The accuracy is about 80%. 

In [None]:
# Q6
x = np.array([3, 1, 30, 0, 0, 100])
t = tree(X, y)
t.classify(x)

In [None]:
# Q7 (Random Forests)

# Choose a subsample of 20% of total data
def subset(X, ratio=0.2):
    subset = list()
    n = int(len(X) * ratio)
    while len(subset) < n:
        index = rand.randrange(len(X))
        subset.append(X[index])
    return subset

# Use consensus to decide the prediction
def predict(trees, x):
    for tree in trees:
        predictions = [tree.classify(x)]
    return max(set(predictions)) 

def random_forest(training, testing, y, n_trees = 5):
    trees = list()
    for i in range(n_trees):
        sample = subset(training)
        t = tree(training, y)
        trees.append(t)
    predictions = [predict(trees, x) for x in testing]
    return(predictions)

### Q9
All the predictions have shown that, with the choice of $x$, I would have survived the Titanic.
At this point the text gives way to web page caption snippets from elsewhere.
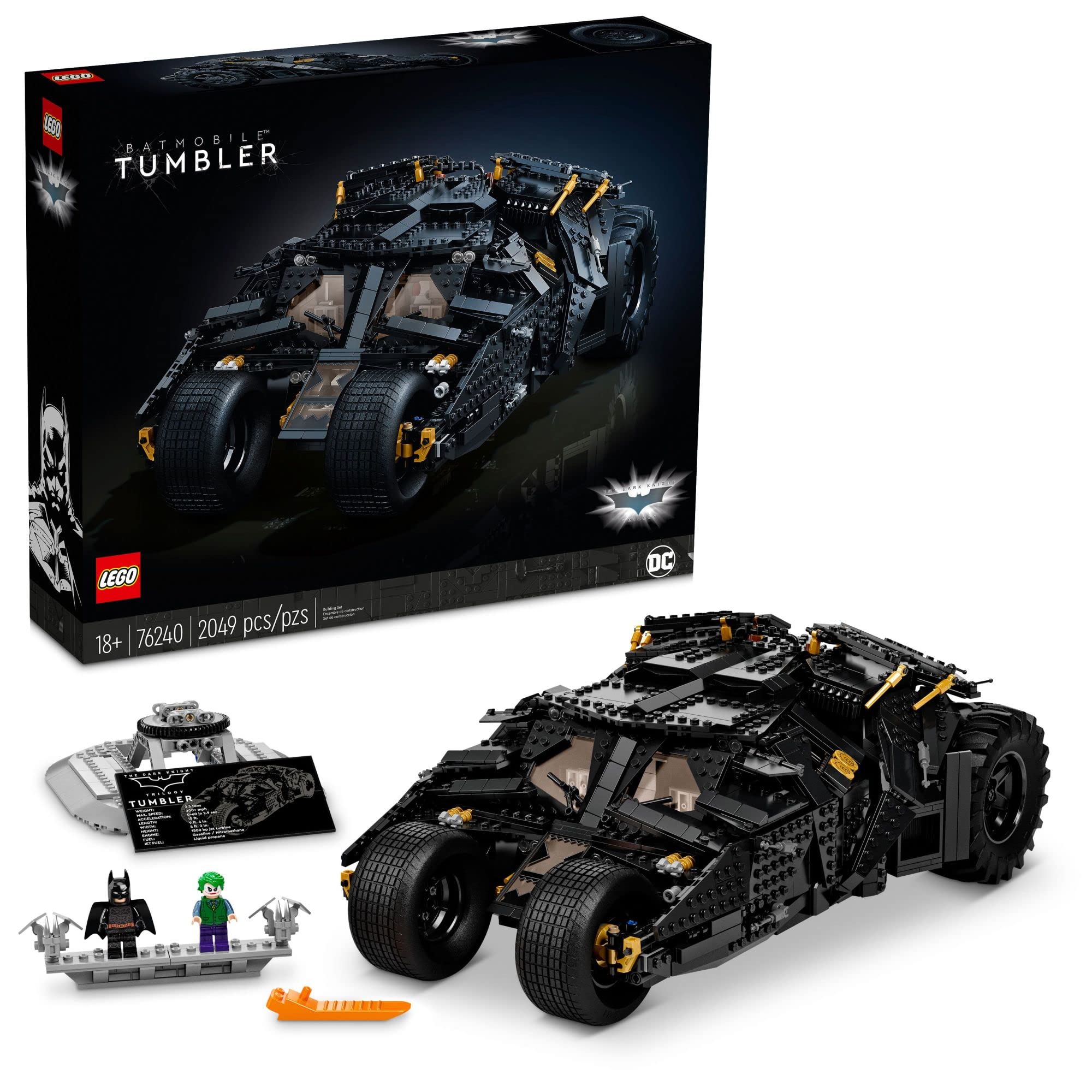 LEGO DC Batman Batmobile Building Set - Iconic Dark Knight Trilogy Car Model for Adults, Collectible Gift for Men & Women (76240) | Perfect for Home Display, Office Decor & Superhero Fans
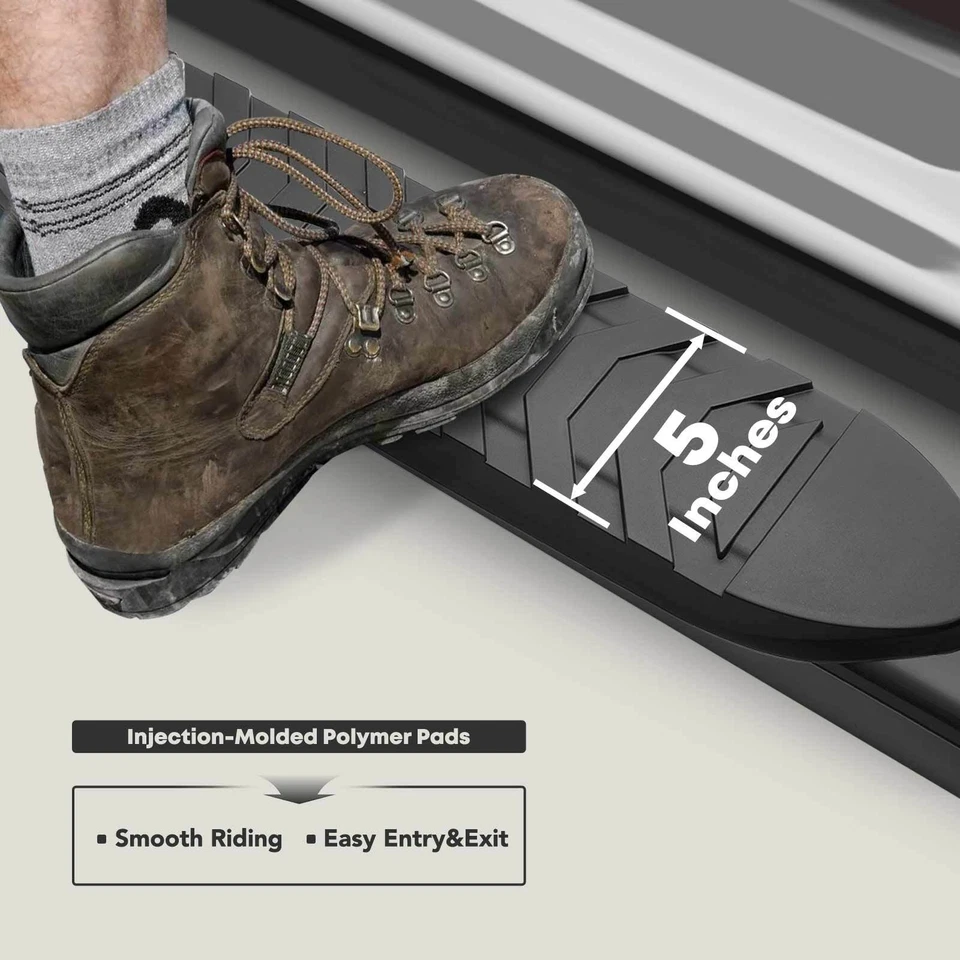 Barras laterales dobladas ovaladas de acero negro de 5" para Chevy Silverado 1500 GMC Sierra 2500 Foto 3 de 4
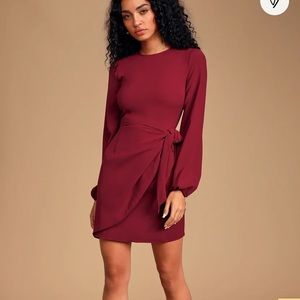 lulus believe it or knot wine red maroon long sleeve mini wrap dress SMALL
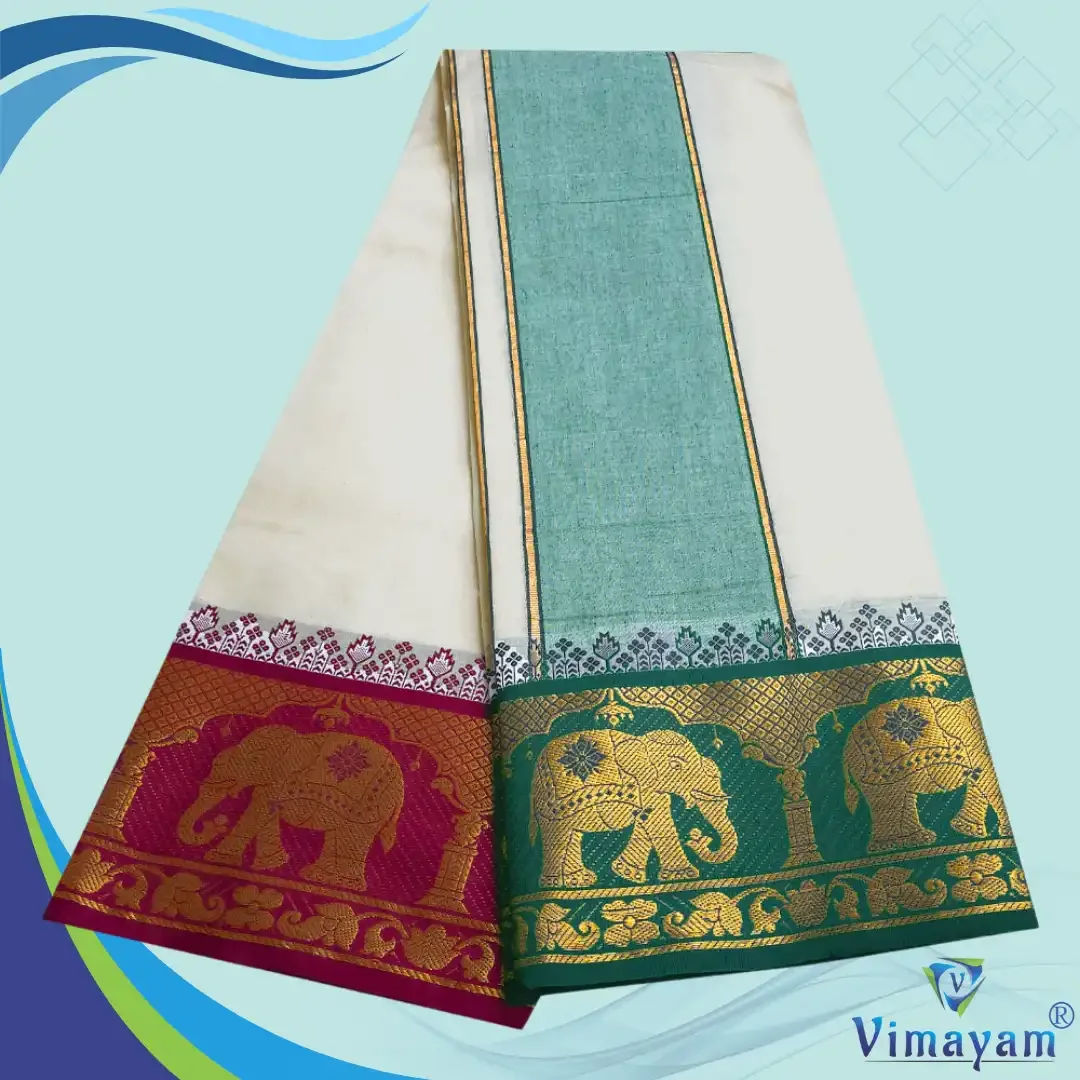 Green & Contrast Border Half White Best Quality Dhoti(Assorted designs) 3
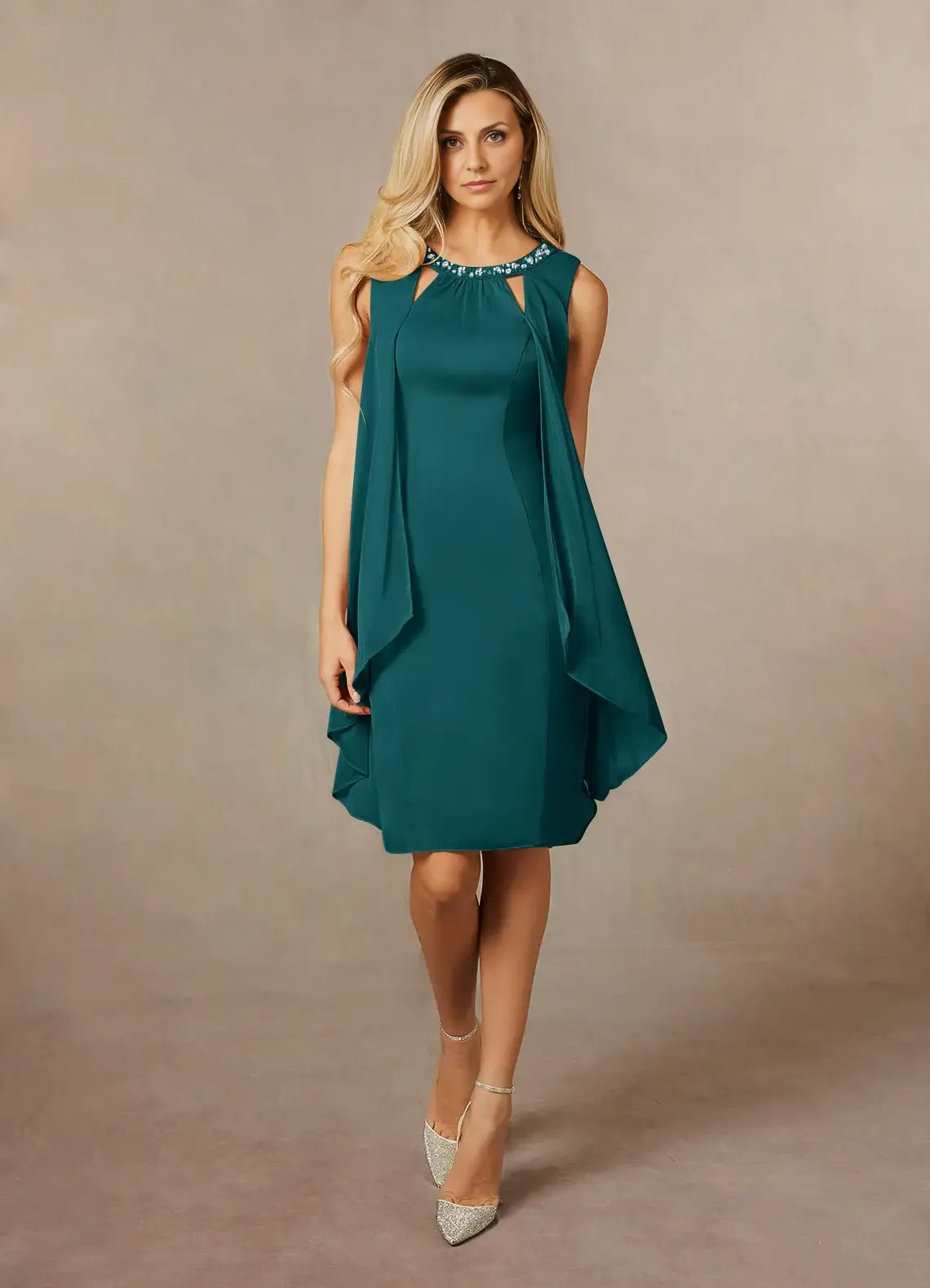 Weitese Dress Classic Peacock A-Line Sequins Scoop Neck Dress Knee-Length Sleeveless Keyhole Back Mother of the Bride Dress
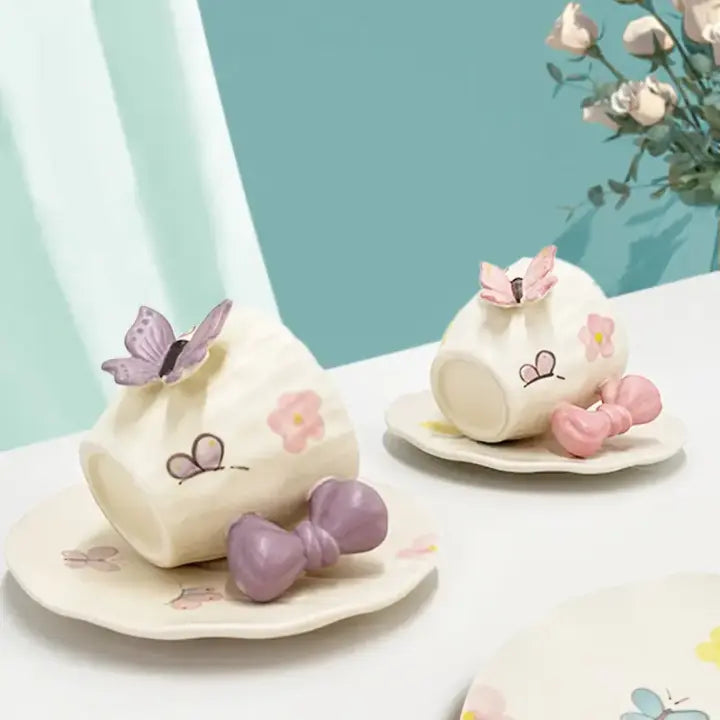 Butterfly Bow Ceramic Tea Cup & Saucer Set Cute Aesthetic Coffee Mug Sparkels  Sparkels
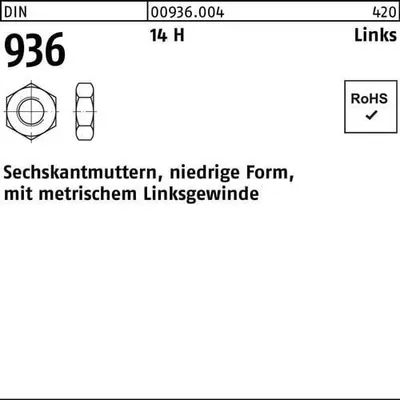 Produktbild von Reyher Sechskantmuttern DIN 936 14 H M 20 -LH (50 Stück)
I would prefer to use Logistic Regression because the impaired robustness of our implementation of Random Forest, since we only have all binary variables instead of categorical variables. 

### Q10

$H(x) = \sum_{\mathtt{x}\in X}P(x=\mathtt{x})\log_2(\frac{1}{P(x=\mathtt{x})}) 
= \sum_{\mathtt{x}\in X}\sum_{\mathtt{y}\in Y}P(x=\mathtt{x}, y=\mathtt{y})\log_2(\frac{1}{P(x=\mathtt{x})})$

$H(x|y) = \sum_{\mathtt{x}\in X}\sum_{\mathtt{y}\in Y}P(x=\mathtt{x}, y=\mathtt{y})\log_2(\frac{1}{P(x=\mathtt{x}|y=\mathtt{y})})$

$I(x;y) = H(x)-H(x|y) = \sum_{\mathtt{x}\in X}\sum_{\mathtt{y}\in Y}P(x=\mathtt{x}, y=\mathtt{y})\log_2(\frac{P(x=\mathtt{x}|y=\mathtt{y})}{P(x=\mathtt{x})}) = 
\sum_{\mathtt{x}\in X}\sum_{\mathtt{y}\in Y}P(x=\mathtt{x}, y=\mathtt{y})\log_2(\frac{P(x=\mathtt{x}, y=\mathtt{y})}{P(x=\mathtt{x})P(y=\mathtt{y})})
$

$H(y) = \sum_{\mathtt{y}\in Y}P(y=\mathtt{y})\log_2(\frac{1}{P(y=\mathtt{y})}) 
= \sum_{\mathtt{y}\in Y}\sum_{\mathtt{x}\in X}P(y=\mathtt{y}, x=\mathtt{x})\log_2(\frac{1}{P(y=\mathtt{y})})$

$H(y|x) = \sum_{\mathtt{y}\in Y}\sum_{\mathtt{x}\in X}P(y=\mathtt{y}, x=\mathtt{x})\log_2(\frac{1}{P(y=\mathtt{y}|x=\mathtt{x})})$

$I(y;x) = H(y)-H(y|x) = \sum_{\mathtt{y}\in Y}\sum_{\mathtt{x}\in X}P(y=\mathtt{y}, x=\mathtt{x})\log_2(\frac{P(y=\mathtt{y}|x=\mathtt{x})}{P(y=\mathtt{y})}) = 
\sum_{\mathtt{y}\in Y}\sum_{\mathtt{x}\in X}P(y=\mathtt{y}, x=\mathtt{x})\log_2(\frac{P(y=\mathtt{y}, x=\mathtt{y})}{P(y=\mathtt{y})P(x=\mathtt{x})})
$

Therefore, $I(x;y) = I(y;x)$